Please, without any pictures, transcribe the lines from the one holding "Panorama Of Gg" to the end of the listing, both ends included.
──────── Raw data ────────
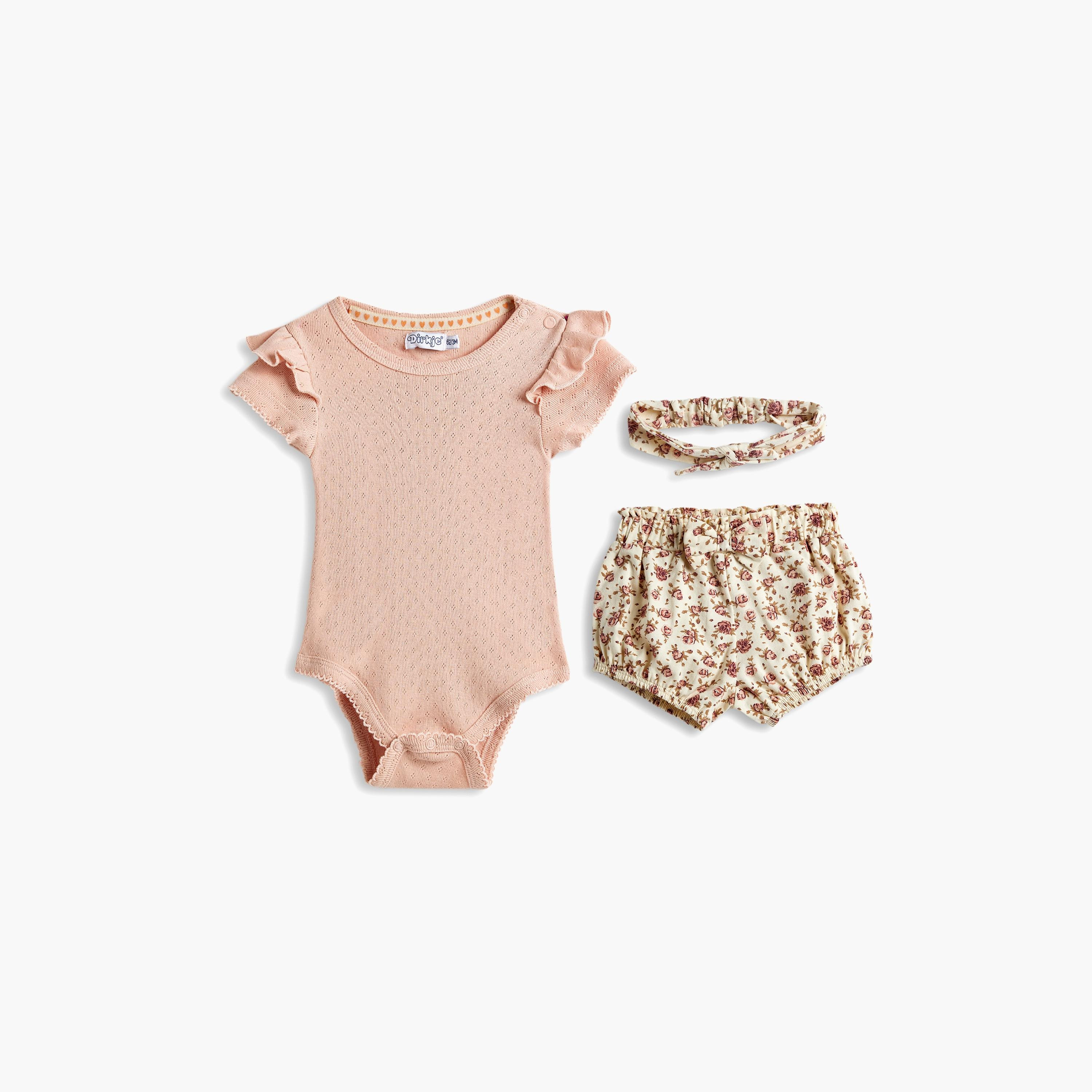 بودي سوت بطبعة زهور بأكمام قصيرة وشورت مع عصابة رأس 3 قطع من ديركجي-baby-girls-clothing-bodysuits-image-1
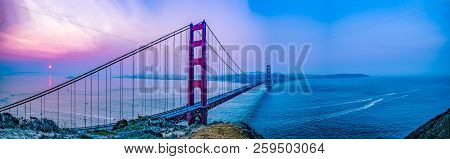 Panorama Of Gg Bridge During Sunrise Comprises Of 8 Shots Taken During Sunrise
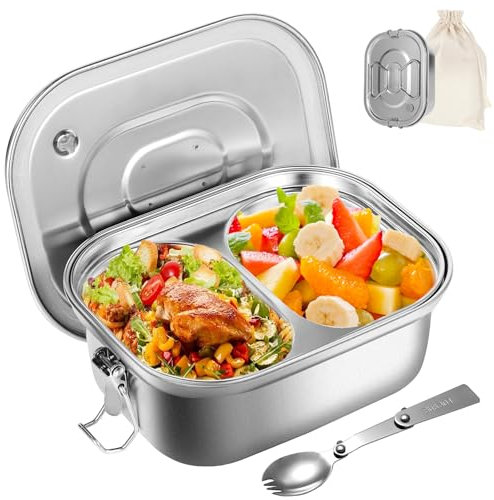 GOLXUWO Lunch Box Acciaio Inox, 1000ml Doppio Strato Pranzo in Acciaio Inossidabile,Lunch box portatile a prova di perdite, Lunchbox contenitori Adatto Per Adulti E Bambini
────────
- Written response
 Panorama Of Gg Bridge During Sunrise Comprises Of 8 Shots Taken During Sunrise
 GOLXUWO Lunch Box Acciaio Inox, 1000ml Doppio Strato Pranzo in Acciaio Inossidabile,Lunch box portatile a prova di perdite, Lunchbox contenitori Adatto Per Adulti E Bambini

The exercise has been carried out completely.